* TASK TO COMPLETE *
Only the lines from the one that contains "Scotch ivory jug" through the end of the entries, both included, should be transcribed, exactly and without pictures.

START SOURCE DATA

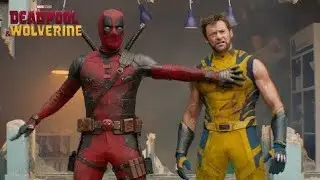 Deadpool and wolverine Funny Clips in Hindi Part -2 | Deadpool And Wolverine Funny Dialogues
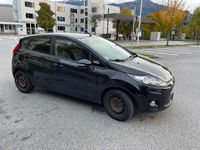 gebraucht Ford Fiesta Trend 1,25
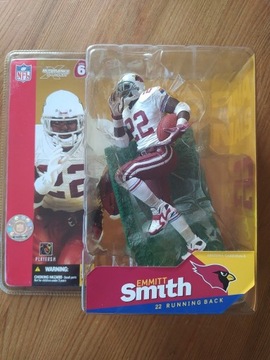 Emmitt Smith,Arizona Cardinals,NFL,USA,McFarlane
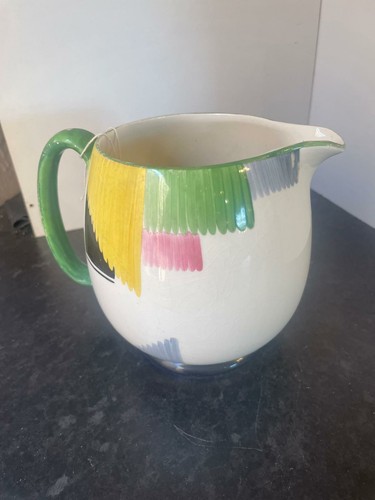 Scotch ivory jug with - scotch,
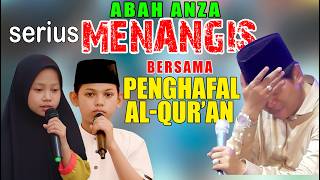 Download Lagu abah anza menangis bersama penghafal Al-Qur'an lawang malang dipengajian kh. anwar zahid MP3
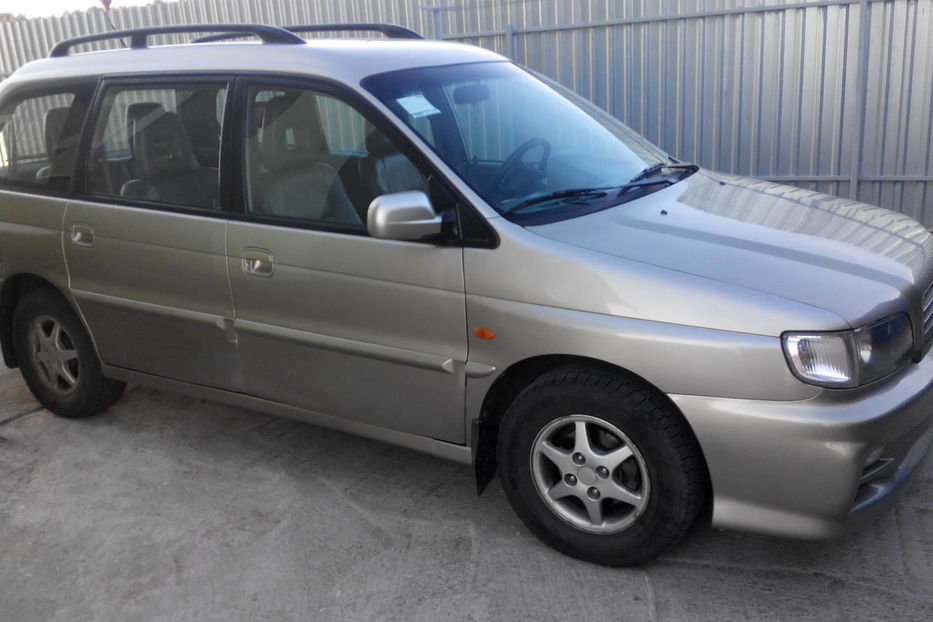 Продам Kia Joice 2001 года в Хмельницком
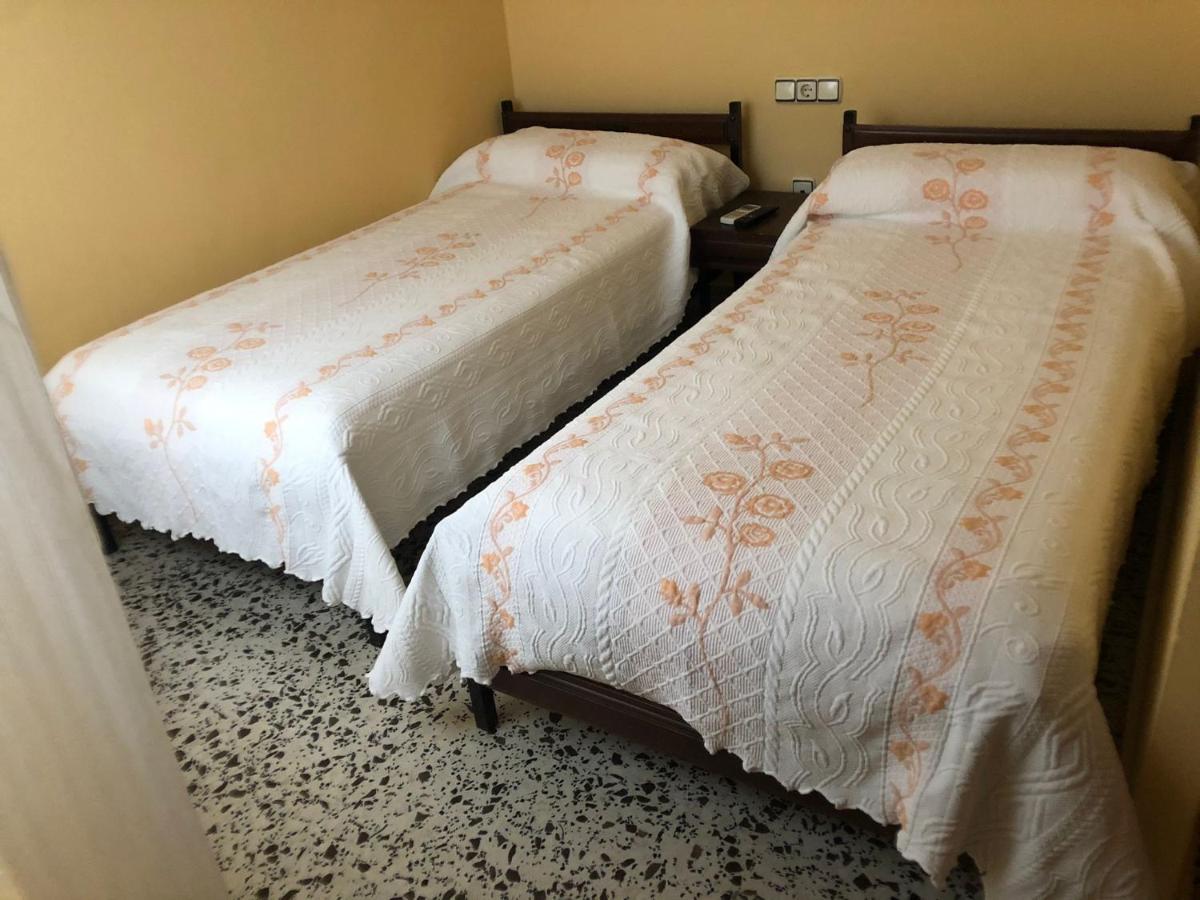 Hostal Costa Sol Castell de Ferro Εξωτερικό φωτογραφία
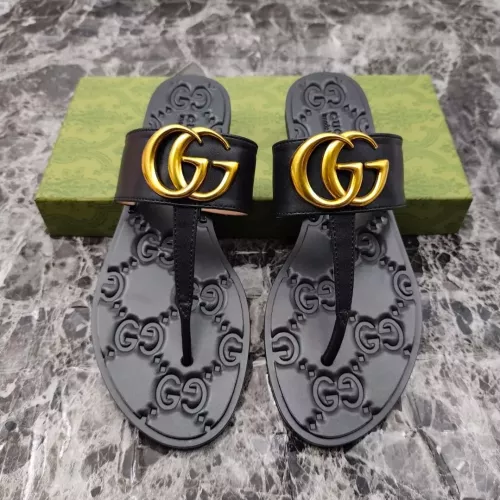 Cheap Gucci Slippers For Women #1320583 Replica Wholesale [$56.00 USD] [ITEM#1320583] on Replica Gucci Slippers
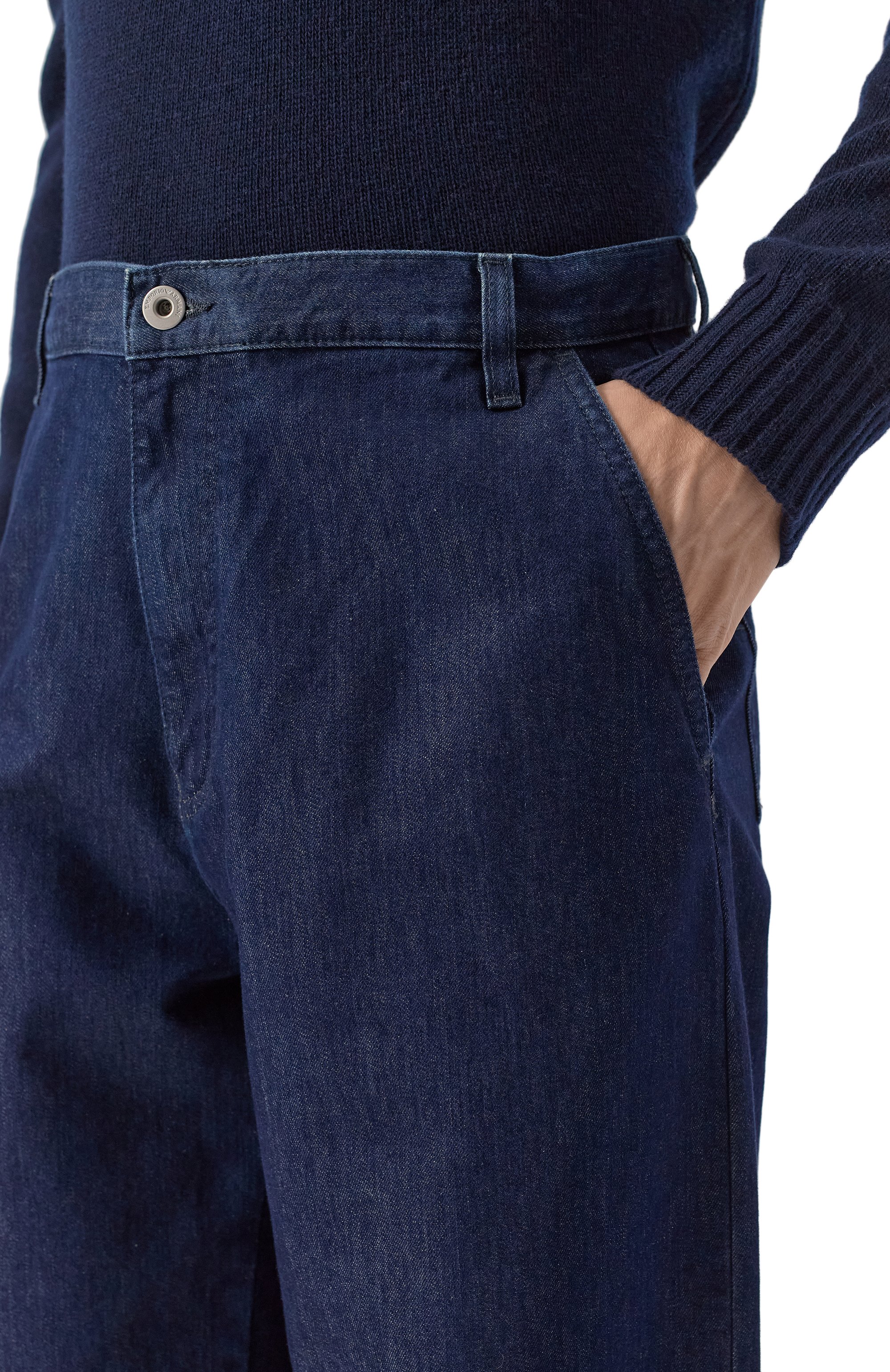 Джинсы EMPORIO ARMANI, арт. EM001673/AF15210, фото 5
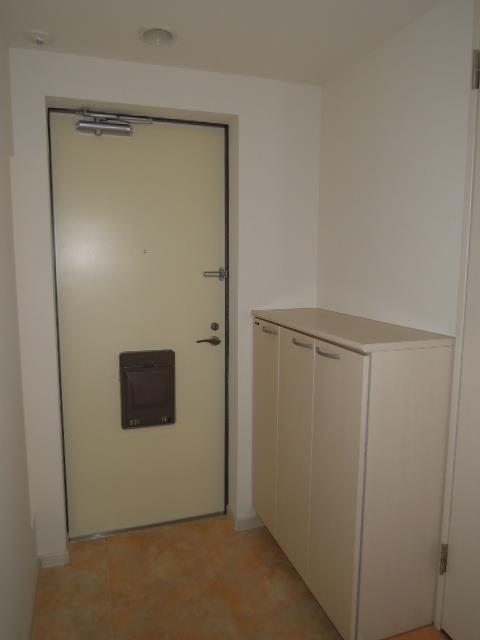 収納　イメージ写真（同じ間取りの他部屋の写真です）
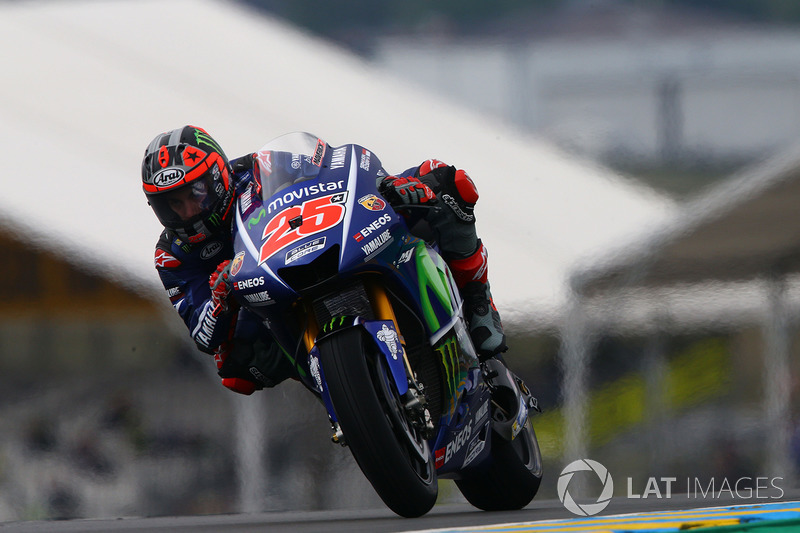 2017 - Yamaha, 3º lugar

END SOURCE DATA

* ANSWER *
 Scotch ivory jug with - scotch,
 Download Lagu abah anza menangis bersama penghafal Al-Qur'an lawang malang dipengajian kh. anwar zahid MP3
 Продам Kia Joice 2001 года в Хмельницком
 Hostal Costa Sol Castell de Ferro Εξωτερικό φωτογραφία
 Cheap Gucci Slippers For Women #1320583 Replica Wholesale [$56.00 USD] [ITEM#1320583] on Replica Gucci Slippers
 Джинсы EMPORIO ARMANI, арт. EM001673/AF15210, фото 5
 収納　イメージ写真（同じ間取りの他部屋の写真です）
 2017 - Yamaha, 3º lugar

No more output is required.